I was wondering how you are doing! If I had your address I could send some wooden clothespins as I have too many. So good to hear from you! Love, Debe
Well DAMN! We have the exact SAME clothes pins in Bolivia!
super cool….right on!
Here in Colombia, I noticed that when I buy USA made cereal, cookies and the like here in the big supermarket , alot of times things taste old…especially when its big brands like cherios ….also all the dry nuts and dried fruits are no good….the date on the package is OK …but shit tastes very very stale..
My freind also bought all this “pretty expensive ” furniture form an expensive store and now its falling apart after only one year…..
And then there are all the thounsand plastic bowls, pans, cups that EVERYBODY buys cause they are cheap…made of plastic that does not last NADA…
(my advice Mariann if you need a big plastic bowl to wash those unidies, dont buy it in the “plastic store” on the market, look for the recycling joint…they sell resycled industrial plastic drums of many size, made o a a much better quality plastic, cut that in half – used mine to haul rocks)
And the damn “zinc roof” which is everybodies “cheapest” solution in the thrid world…well compare zinc roofing form 10 years ago to what they sell today…todays zinc roof will last no more then 5 /8 years max…also from china….
So nice to see these comments especially from others living or who have lived in the Third World for many years! People keep asking about my “new adventure,” which makes me laff; of course it is an adventure, but not what the word conjures for most folks in the US.
A very good friend here assure me that inferior products don’t wind up in Third World markets by accident, but are purposely made for these markets. Because there is no AmazonPrime in the actual Amazon, etc…
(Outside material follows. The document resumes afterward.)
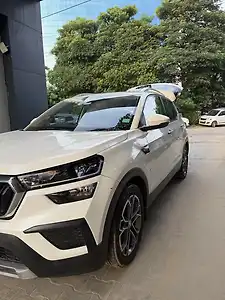 2021 Skoda Kushaq Style 1.0L TSI MT 1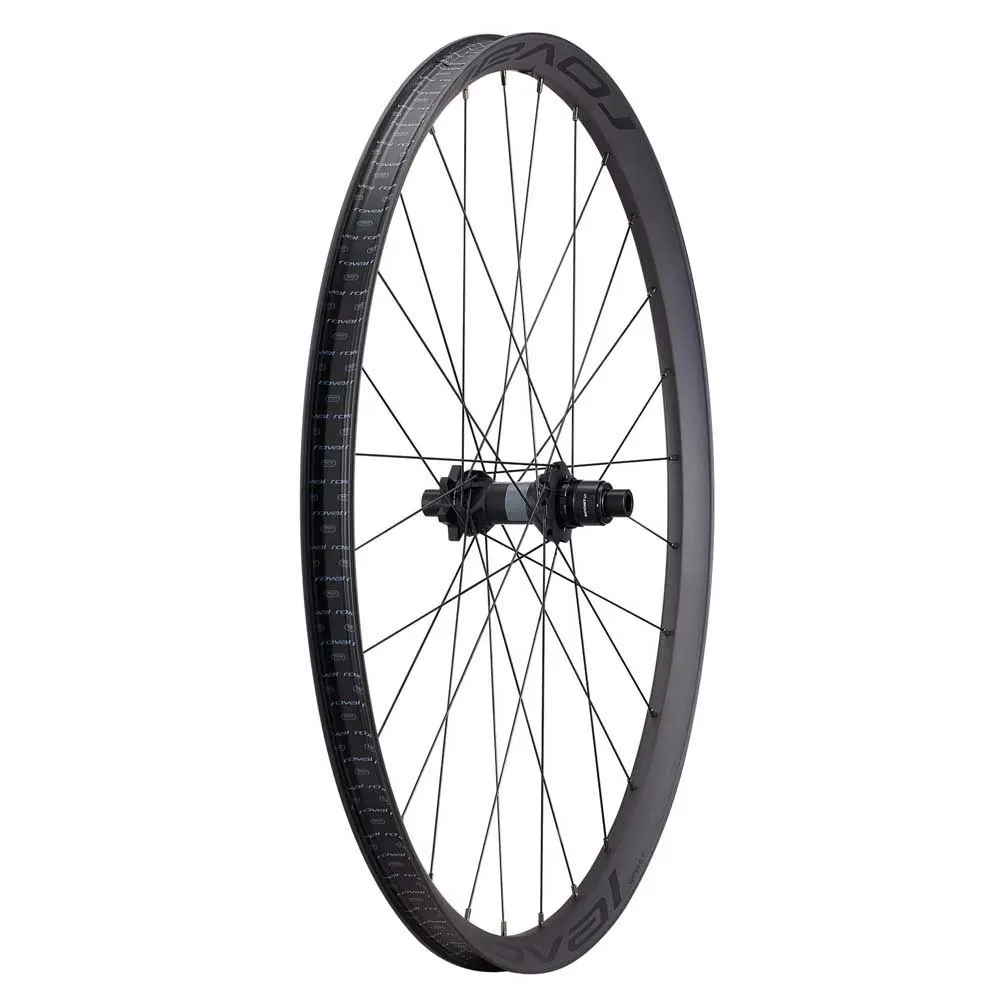 Specialized Roval Control Sl V 370 29´´ 6b Disc Tubeless Mtb Hinterrad, Satin carbon / black, 12 x 148mm, Sram XD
Thanks soooo much for the update. Happy you have the mundane to keep you challenged and your mind to keep us all amused. Wishing you continued good times….and best of luck on the housework!
Loved the article!
should I be worried???? lolol
thanks
I also loved the article. It was really good to hear how you are doing. Sounds like you are adapting well to the change.
Well, at least it’s San Ignacio! You could do worse. It will be hard to find because it’s several years old, but Donald Westlake’s “High Adventure” features Belize, and would give you good insights. (It’s also fun reading.)
Hey Wiz,
This writing is, as usual, top shelf. My recollection of Belize is more touristy—I remember seeing crocs bigger than the alligators in Texas.
Why not send a mailing address to Thorne and he can share it with people you know who might be into mailing a care package?
Before getting into the import biz, check to make sure the customs duties would not be applied. Been there, done that.
I read this where, on FB? eagerly awaiting more.
Always enjoy your writings. Stay happy!
Love ya Cuz & enjoyed reading of your life these days.